● **THE PROBLEM**
Please copy out the entries exactly, skipping any pictures.

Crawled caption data
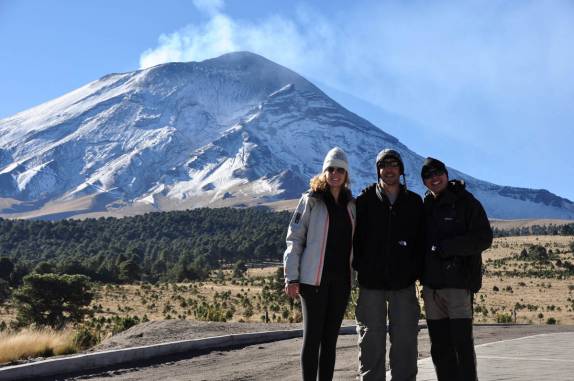 Aos pés do fumegante vulcão Popo, no dia da nossa subida ao Izta, perto de Amecameca, na região central do México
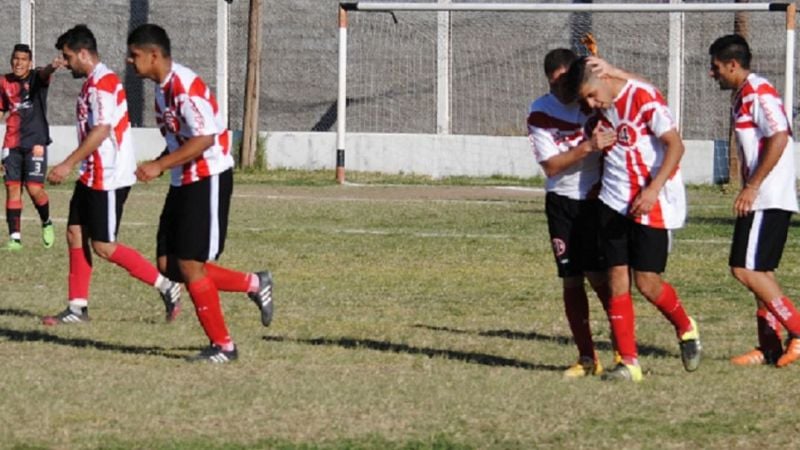 La Villa y Defensores, para no perder terreno en el Anual de la “local”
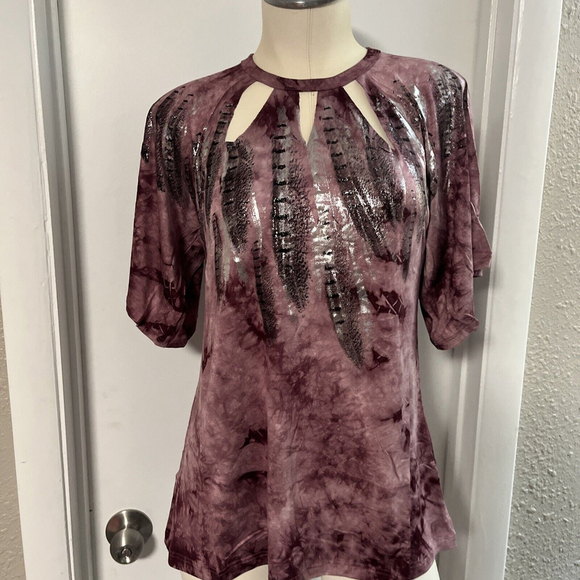 Nwt Small Pink Tie Dye Blouse By Liberty Wear feathers cutout detail in front - Picture 1 of 11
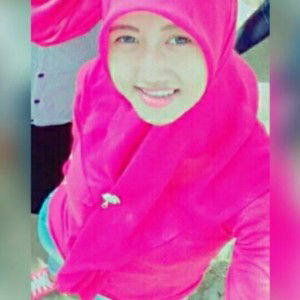 Anisa Nur profile icon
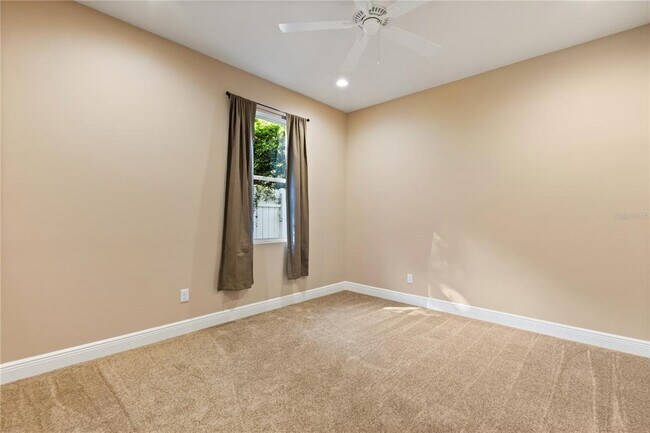 Building Photo - 286 Mileham Dr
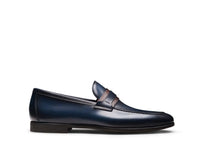 Luxury Magnanni loafer with Línea Flex construction for flexibility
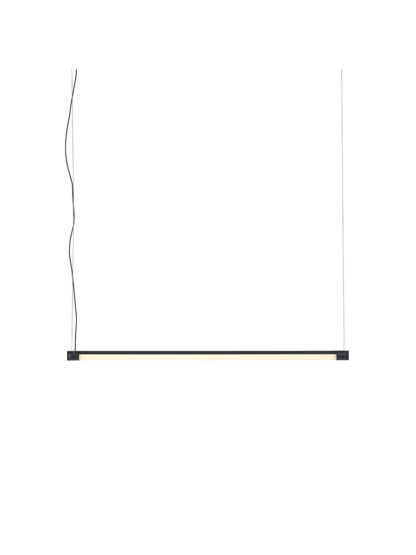 Fine Suspension Lamp, 90 cm fra Muuto (Black)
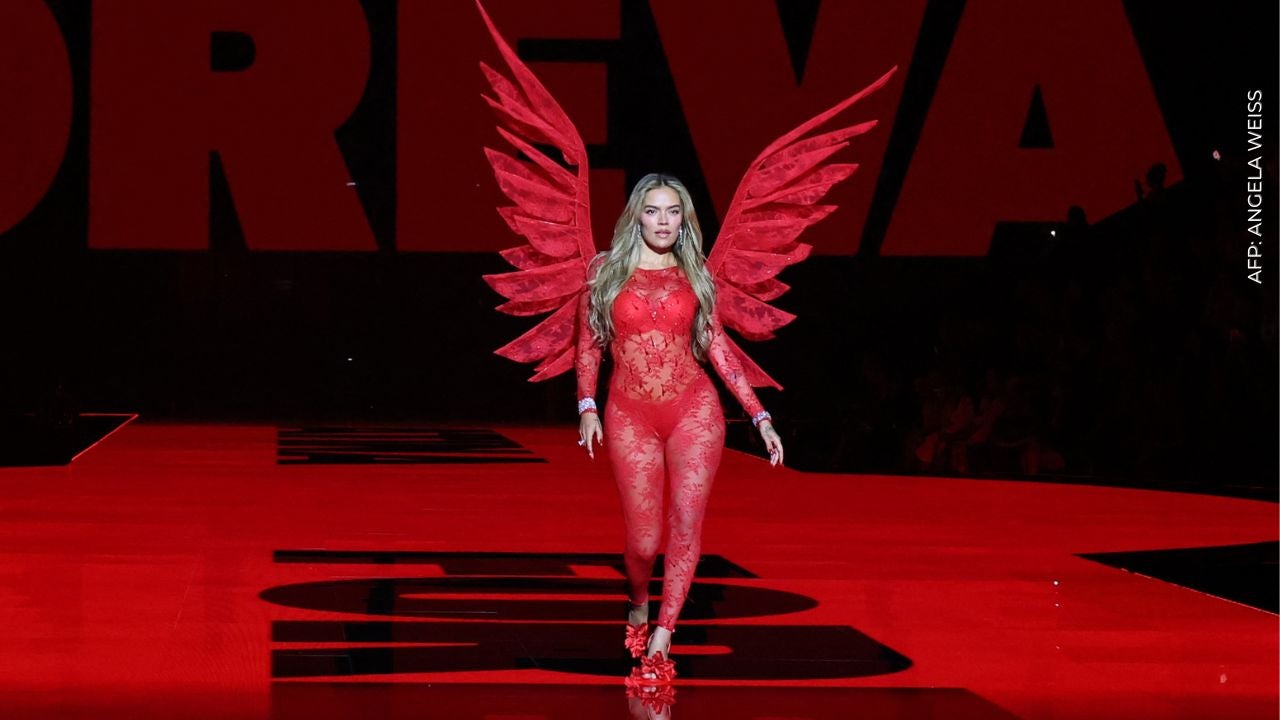 Karol G en el Victoria's Secret Fashion Show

● **ANSWER TO THIS TASK**
 Aos pés do fumegante vulcão Popo, no dia da nossa subida ao Izta, perto de Amecameca, na região central do México
 La Villa y Defensores, para no perder terreno en el Anual de la “local”
 Nwt Small Pink Tie Dye Blouse By Liberty Wear feathers cutout detail in front - Picture 1 of 11
 Anisa Nur profile icon
 Building Photo - 286 Mileham Dr
 Luxury Magnanni loafer with Línea Flex construction for flexibility
 Fine Suspension Lamp, 90 cm fra Muuto (Black)
 Karol G en el Victoria's Secret Fashion Show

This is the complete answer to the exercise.